Fungible Indigeneity and Blackness: On the Paradigmatic Domination of Borderlands Theory

Julia Talante
12 min readJun 11, 2018
mural in San Germán, PR

In the academy, NGOs, government forms, and elsewhere, it is common practice to see Latinx people referred to as ‘people of color.’ The term ‘people of color’ is itself fraught with divisiveness — it emerged in popular use in the 1970s as a way of referring to non-white people, and as a strategy of coalition building between many non-white organizers and creatives. While I don’t want to give the impression that I think this term is not politically or taxonomically useful, it is often used to obscure the specificity of the lived experiences and unique oppressions that Black people face in particular. While non-Latinx folks well-versed in race theory may certainly tell you that Latinx is “an ethnicity, not a race,” the only scholar they can likely point you to who theorizes race in Latin America is Gloria Anzaldúa, whose work Borderlands / La Frontera has now swiftly become an institutionally sanctioned text.

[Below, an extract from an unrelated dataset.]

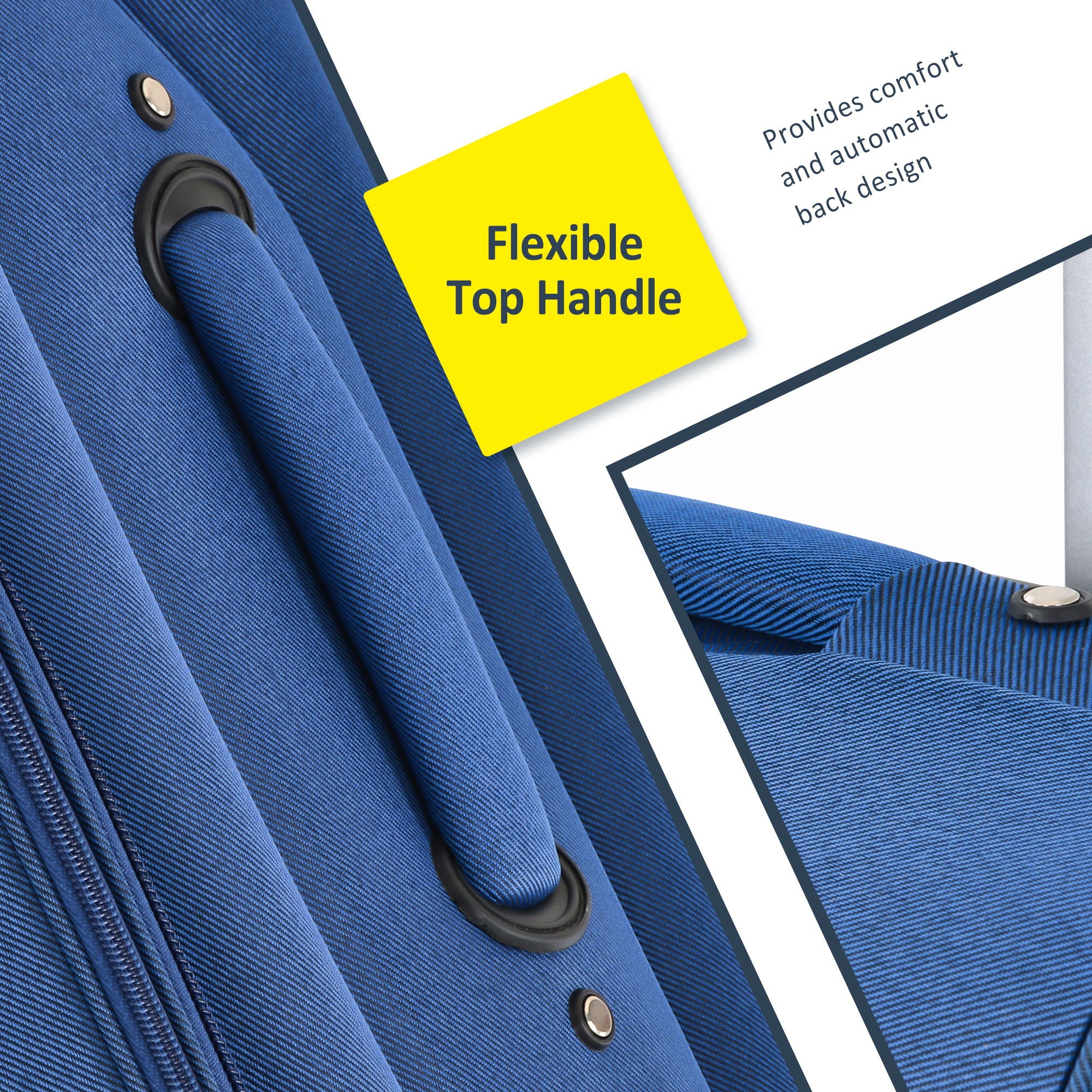 3-Piece Lightweight Expandable Softside Spinner Luggage Set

I posit that the paradigmatic domination of Anzaldúa’s understanding of racialization and Mexican-American culture stems from a liberal-capitalist anxiety in the academy. I also assert that this unquestioning acceptance has material consequences for indigenous, mestizx, and afro latinx subjects in the past and present, both Chicanx and other Spanish-speaking ethnicities. Indigeneity and Blackness become fungible commodities under this theory of racialization, rendering disposable and invisible indigenous and Black people still struggling for sovereignty and against racist domination. I begin by offering a contextualization of broader concerns of political economy and theoretical precarity within the liberal capitalist academy.

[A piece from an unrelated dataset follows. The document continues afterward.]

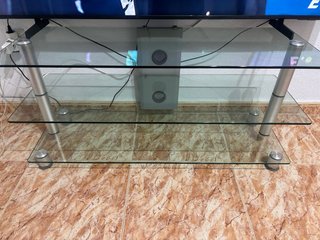 Mesa para Televisor de Cristal medidas 1,10 x 0,40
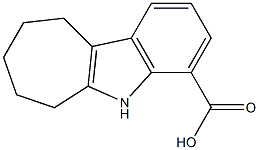 5H,6H,7H,8H,9H,10H-环庚[B]吲哚-4-羧酸, 729613-73-4, 结构式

In “Post-Identitarian and Post-Intersectional Anxiety in the Neoliberal Corporate University,” Tiffany Lethabo King outlines how intersectionality (as a Black feminist analytic) has been marginalized to a place of the past in the academy. She claims that the very logics of capital accumulation and precarity of the neoliberal academy produce this marginality and refers to these behaviors as that of “anxious subjects” (116). King reflects upon her own experiences as a graduate student and young faculty member and the push to be ‘marketable’ through distancing oneself from intersectionality and Black lesbian theory as a trend of the past, rather than a “dynamic and shifting theory over time” (121). We might also understand the dominance of borderlands theory for understanding Latinidad as a byproduct of the neoliberal capitalist nature of the academy.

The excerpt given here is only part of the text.